Lunettes de réalité augmentée : pour quelles nouvelles
interfaces multimédia ?
Une
prochaine génération de technologies de réalité
augmentée émerge avec le développement de lunettes
électroniques. La société Laster technologies développe
un concept original de lunette informative sur verre transparent. Elle
permet d'afficher des informations multimédia directement dans
le champ de vision tout en conservant la vision naturelle (les informations
sont projetées sur un verre transparent semi-réflechissant
alors qu'une micro-caméra embarquée analyse l'environnement
pour contextualiser les informations affichées, l'interactivité
est assurée par une commande vocale ou gestuelle). Cette nouvelle
technologie de vision enrichie interactive (dite de réalité
augmentée "optical
see through") est un nouveau support numérique de diffusion
multimédia. Il ouvre de multiples nouveaux champs d'applications,
mais suppose aussi d'imaginer les nouveaux formats de contenus et services
multimédias associés, et donc de concevoir de nouvelles
formes d'interfaces visuelles et de navigation.
La
mobilité, un marché naturel pour la réalité
augmentée, en particulier, "optical see through"
Google
via Androïd et son prochain Google Phone se positionne sur le marché
des smartphones, les applications mobiles de réalité augmentée
commencent à fleurir. Apple a déposé des brevets
pour des systèmes permettant de reconnaître et d’établir
un modèle 3D de l’environnement filmé par la caméra
de l’iPhone, pour y associer des couches d’informations multimédia
contextuelles.
L’objectif est d’amener toute la richesse et les applications
qui font le succès du Web, tels que les informations mappées
de « Google Street View », sur le marché de la mobilité
avec les technologies de la réalité augmentée, afin
de contextualiser, personnaliser, associer l’information à
l’environnement immédiat de l’utilisateur.

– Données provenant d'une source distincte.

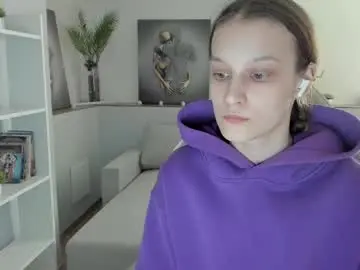 Chaturbate Sex Cam of krisdoeill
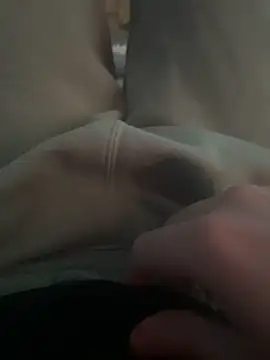 Snapshot of Krisz_21 chatting on 04/21/26, 02:34 Krisz 21 online show from 04/21/26, 02:34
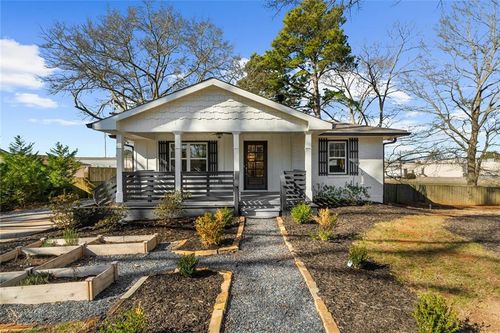 932 Sharon Cir Se, Smyrna, GA, 30080-4239 | Card Image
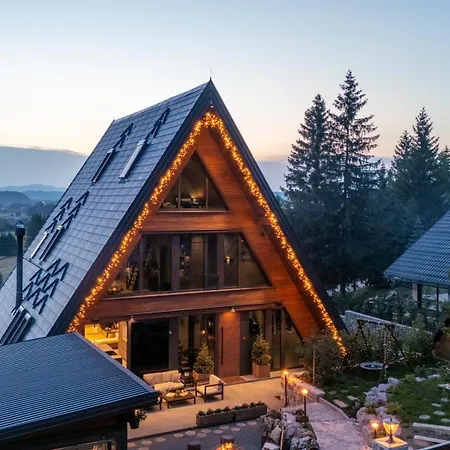 Chalet Cozy Forest Hill *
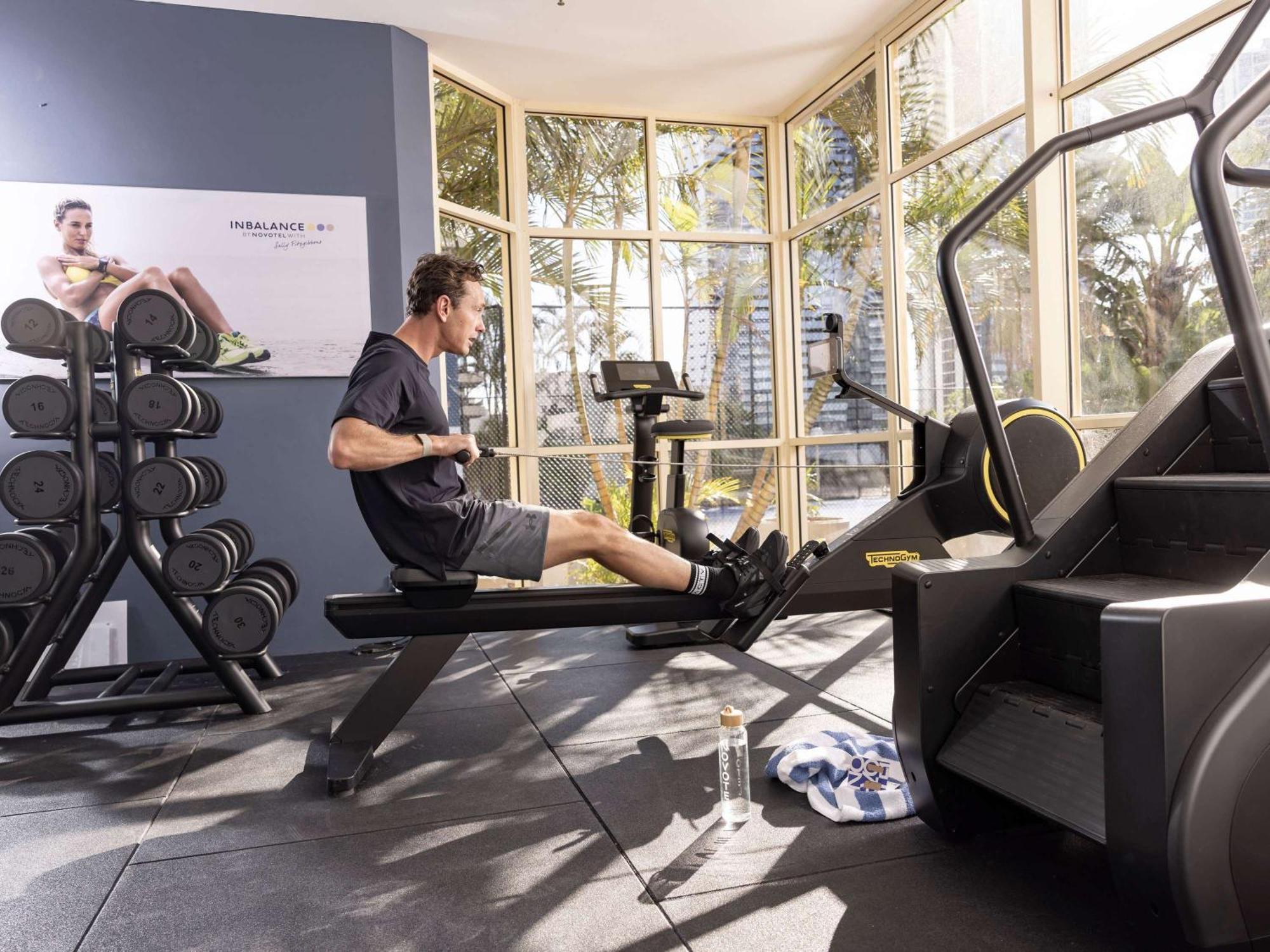 Novotel Surfers Paradise Hotel 4*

Cette tendance annonce une prochaine génération de médias,
qu’on pourrait appeler des « t-Medias », car ils sont
associés à des technologies de tracking pour analyser l’environnement
(qu’elles soient à base de reconnaissance vidéo, de
géolocalisation, ou encore, les deux).
Le problème des applications sur smartphone c’est qu’elles
obligent à sans cesse orienter le téléphone pour
capter avec la caméra le décor qu’on souhaite enrichir
et, en particulier dans ces conditions, l’écran est de trop
petite taille, l’enrichissement perd de son impact.
Le prolongement logique est donc d’associer ces nouvelles technologies
et applications à des lunettes électroniques de réalité
augmentée, qui permettent de conserver le champ de vision naturel
tout en offrant un champ d’affichage virtuel beaucoup plus vaste.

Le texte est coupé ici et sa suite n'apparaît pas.